I recently finished reading New York 2140 by Kim Stanley Robinson. It was ultimately enjoyable and certainly thought-provoking about the results of global climate change, but I did have some problems easing into the book.
First, it’s a door stopper. At over 600 pages, you have to work up a commitment before you open the cover. Secondly, there are a lot of important characters to keep track of, most with their own story lines and character arcs. This leads to what I think of as the ‘Tarzan effect.’ When I was a teenager, Edgar Rice Burroughs used to torment me from the grave by switching POVs from one chapter to the next for a good part of the book: one chapter Tarzan, next chapter hapless character who will eventually be rescued by Tarzan.
Of course, unless you severely limit your characters and settings, you’ll have a hard time avoiding this problem as a writer.

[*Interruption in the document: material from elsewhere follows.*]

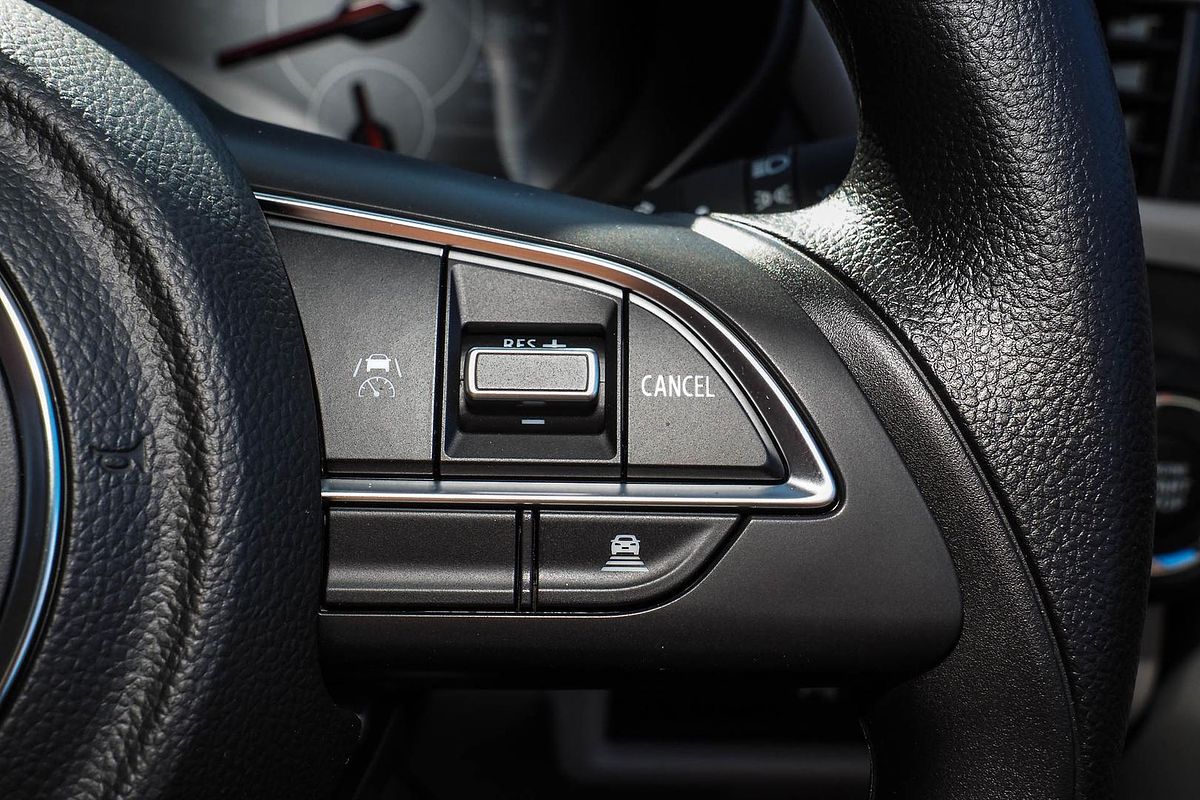 2025 Suzuki Swift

So what can you do to ease the transition? I think it can be managed by matching circumstances and moods, though not mechanically. I’ll start with an example of what doesn’t work well.

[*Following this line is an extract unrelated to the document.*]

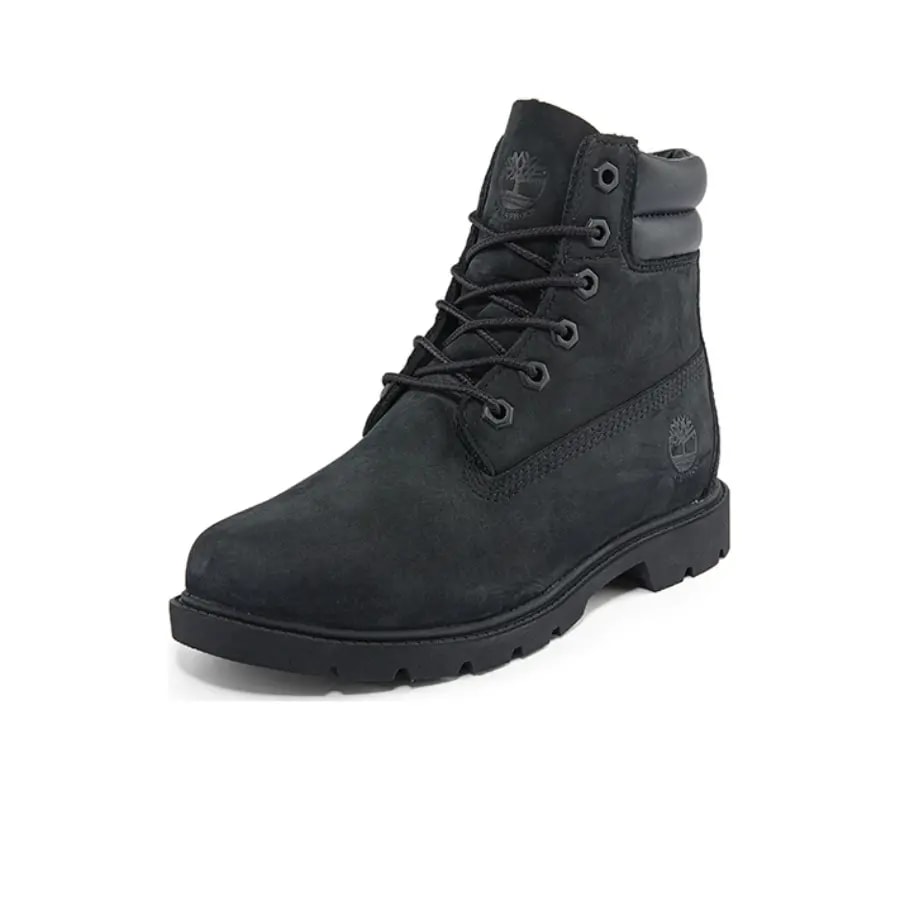 Giày Timberland Linden Woods Waterproof 'Black' A156S001 — ảnh 4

End of the old chapter . . .
She struck the door over and over again with shoulder, foot, and fist, but the oak panels held, indeed, they didn’t even bother to tremble. All that Jilla accomplished was a rain of dust from the low ceiling. If the skeletons rattled a bit in their chains, it was lost in the liquid flow of curses that followed her latest attempt to escape.
Now the start of the new chapter . . .
It wasn’t his favourite duty, and Old Trawney was being particularly difficult, setting him more than the usual number of lines to copy. Still, the sun was shining through the library window, and Jesson could think up a dozen princely excuses to end his lessons early and take advantage of such a fine summer day.
Both passages contain the circumstance of imprisonment, one real and one metaphorical, but their tones are so out of sync that the break between chapters will jar the reader. I’ll try again with the start of the new chapter . . .
“No, no, no!” Professor Trawney said. “There will be no escape for you until you finish these lines.”
With that, he slapped a hand down on the stack of blank parchment, raising a cloud of dust that found Prince Jesson’s nose and caused a sneezing fit that barely covered the curses he muttered under his breath. While his teacher coughed, Jesson eyed the library door. It was locked, and Trawney had the key, but there was still the window.
Not perfect, but a little better with tone helping the shared circumstance, though one tone is serious and the other is mocking. The break between chapters blurs, becoming less absolute (less Tarzan-y). It’s something to keep in mind while we try to fit a crowd of characters inside a single novel.